There are two possible reasons for this.
Firstly SMTP host name matching has traditionally been defined quite vaguely. You can check the historical notes about this in RFC 6125 (a recent RFC about best practicises for host name verification, not yet widely implemented). RFC 3207 (Secure SMTP over Transport Layer Security) doesn't give much details as to where the host name should be in the certificate. RFC 4954 (SMTP Service Extension for Authentication) gives more details and talks about Subject Alternative Names, but it's in the context of SASL. Ambiguous or vague host name matching specifications are often a reason why no correct attempt to match the host name is made at all, unfortunately.
Secondly, SSL/TLS is rarely used between Mail Transfer Agents (MTA). What you're doing by getting the MX DNS record and trying to send an e-mail directly to it is typically done my MTAs, not so much by a Mail Submission Agent.
Typical usage of SSL/TLS for SMTP is between a Mail User Agent (the e-mail client) and a Mail Submission Agent (your ISP's e-mail server, where you have to authenticate).

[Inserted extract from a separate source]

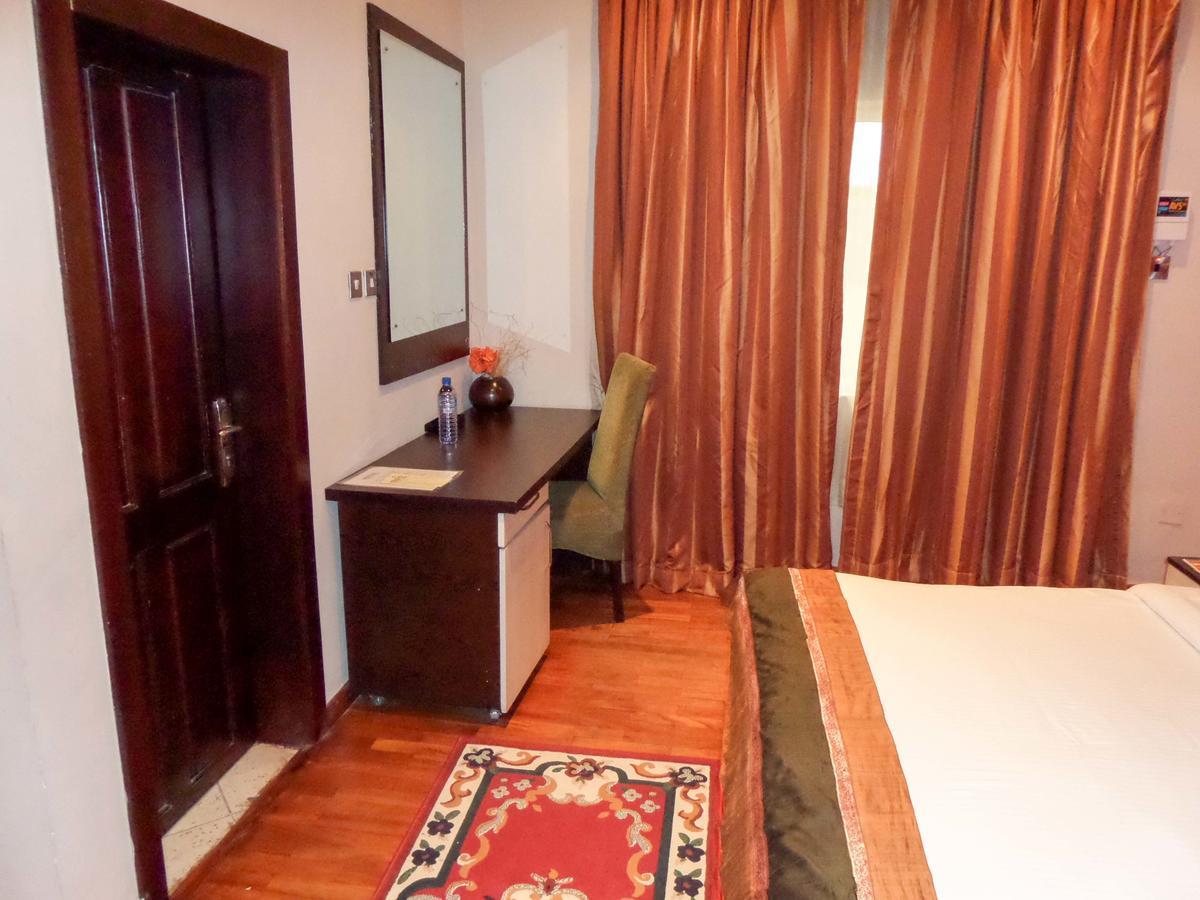 Aries Suites Lagos Exteriér fotografie
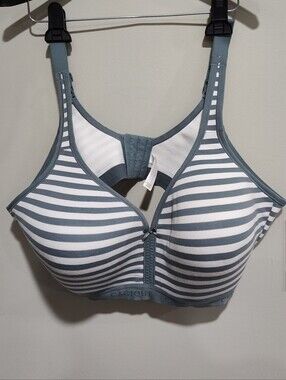 CACIQUE 46D Lightly Lined,  No Wire Bra - Gray/Stripes - Adjustable Bra Straps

SSL/TLS between MTAs is hard to set up, because not every server supports it and it's hard to know which MTAs will support it. Some people advocate "optimistic TLS" support, whereby you try to see whether the server you're talking to supports TLS and fall back to plain SMTP if it doesn't. There's unfortunately little to gain by doing so, since you're obviously vulnerable to MITM attacks as soon as you're willing to downgrade anyway.
In addition, the MX entry you get may itself have been compromised (at least without DNSSEC).
Overall, this actually makes it quite hard to rely on any form of transport security for e-mail beyond the MUA/MSA connection. This probably explains why there's little emphasis on configuring MX servers properly for SSL/TLS.